(What you will do)
The entire listing, reproduced exactly and stripped of images, is the expected output.

(Stored data)
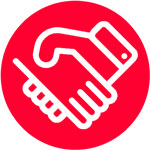 verkoop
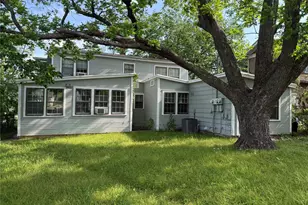 224 W Hull St, Denison, TX 75020 - Photo 5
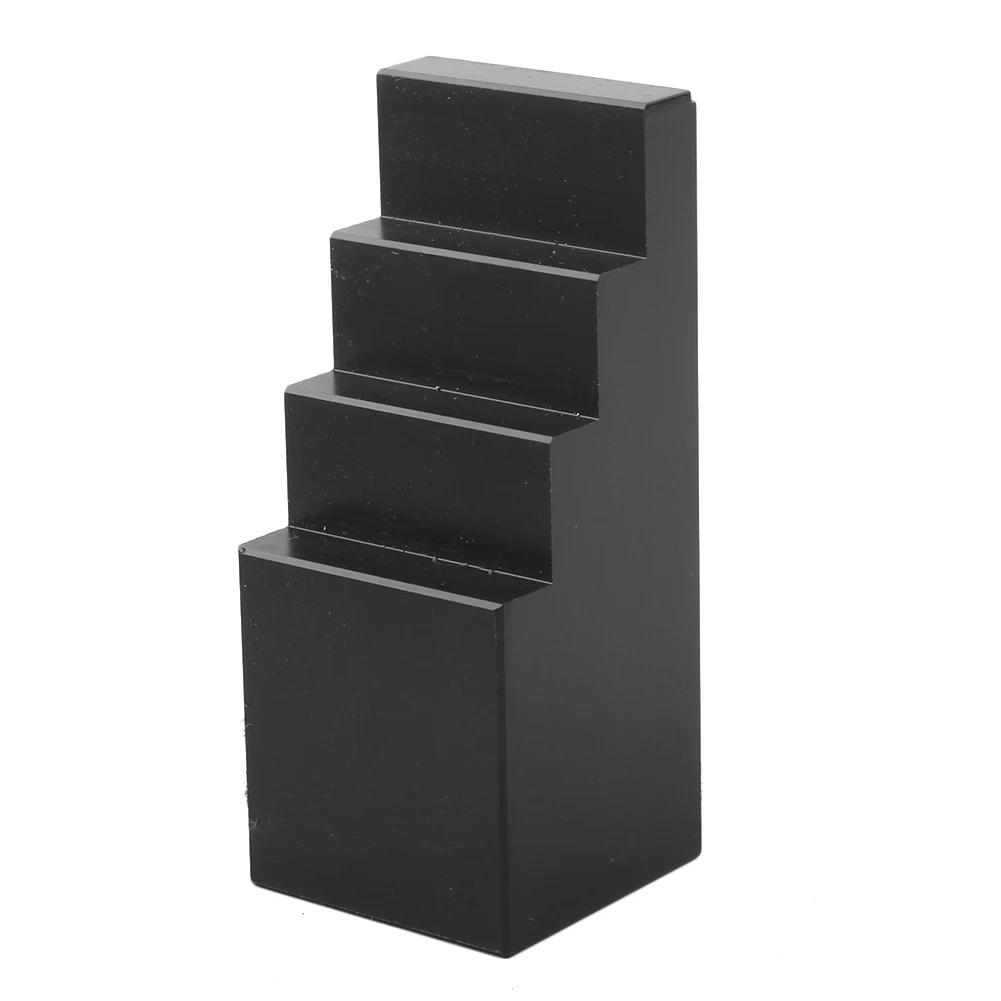 Инструменты для блокировки основного привода мотоцикла гайка стопорной ступицы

(Result)
 verkoop
 224 W Hull St, Denison, TX 75020 - Photo 5
 Инструменты для блокировки основного привода мотоцикла гайка стопорной ступицы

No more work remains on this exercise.